The two men remain in jail over their role in the kidnapping attempt, and the fate of two Lebanese also charged over the operation remains unclear.
Former Labor leader Mark Latham said Nine should help the child recovery group.
"(If Nine) had any decency in the circumstances, having paid the so-called child recovery crew, they would have some regard for their interests instead of leaving them behind in the jail cell," Mr Latham told rival Seven breakfast show Sunrise.
But sympathy for the group could be limited.
Lawyer Ghassan Moghabghab told Channel Seven his client, mother Sally Faulkner, does not hold the Nine Network or the 60 Minutes crew responsible.

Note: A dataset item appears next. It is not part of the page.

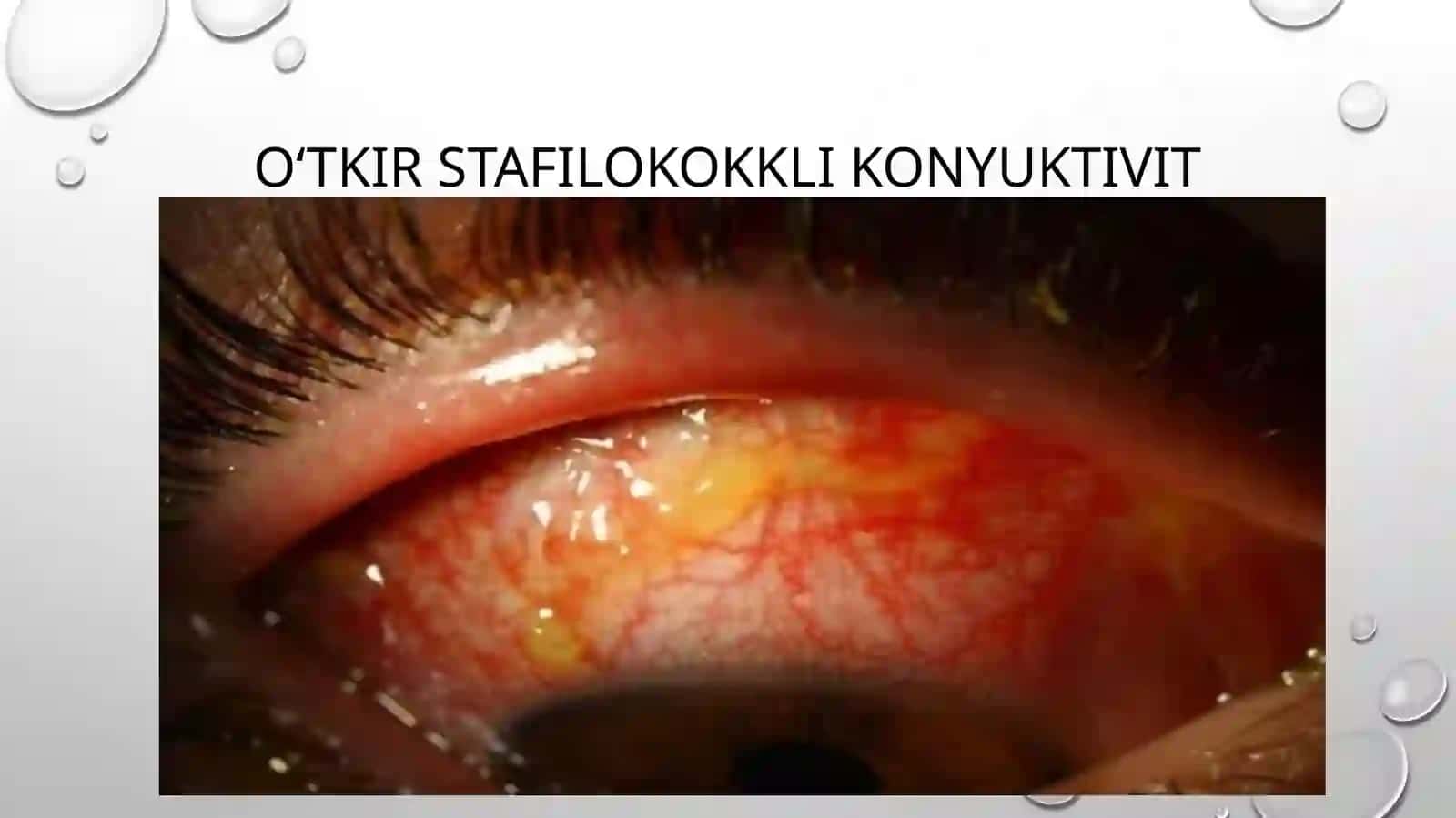 O‘tkir vasurunkalistafilokokklikonyuktivit 2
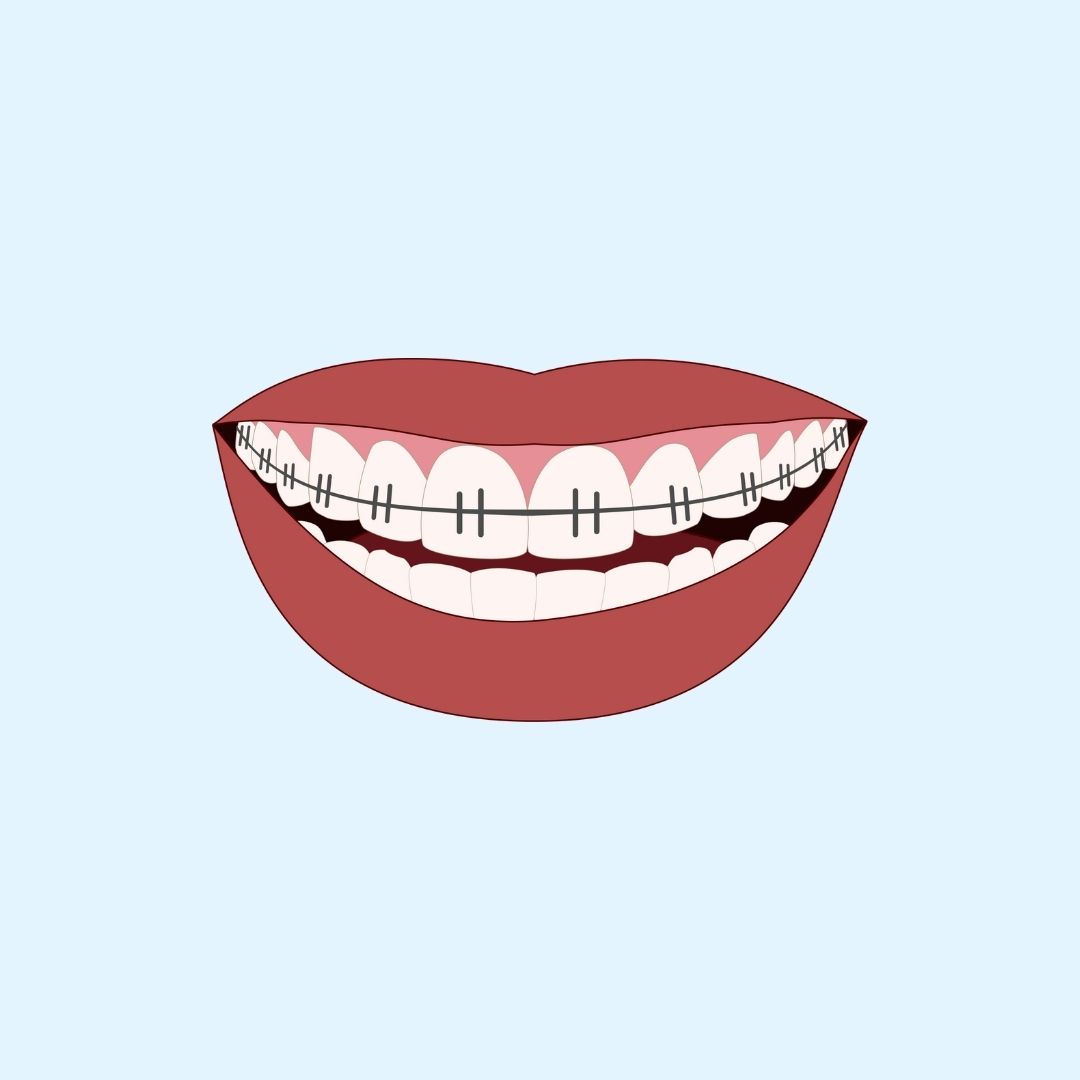 Your paragraph text self ligating braces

"They helped her in a way or another to pay the company who issue the action in Beirut," he said. "They wanted to get the scoop and they paid everything to help Sally try to reach her children."
But he added: "If she wants to blame somebody, I think she should blame the company that made up the job. It was an unprofessional job."
Lawyer Wafa Hoballah of WJH Law Group has dealt with the legal system in Lebanon, and said the men were being treated differently to the mother and television crew.
"But they committed more of a crime than others, yes the crew were shooting but these were the ones who actually did the kidnapping. They pushed the grandmother and grabbed the children," the US based lawyer told news.com.au.
However, she said the lawyer representing the men was well-known in the country and it was likely an agreement would be reached with political support from government representatives.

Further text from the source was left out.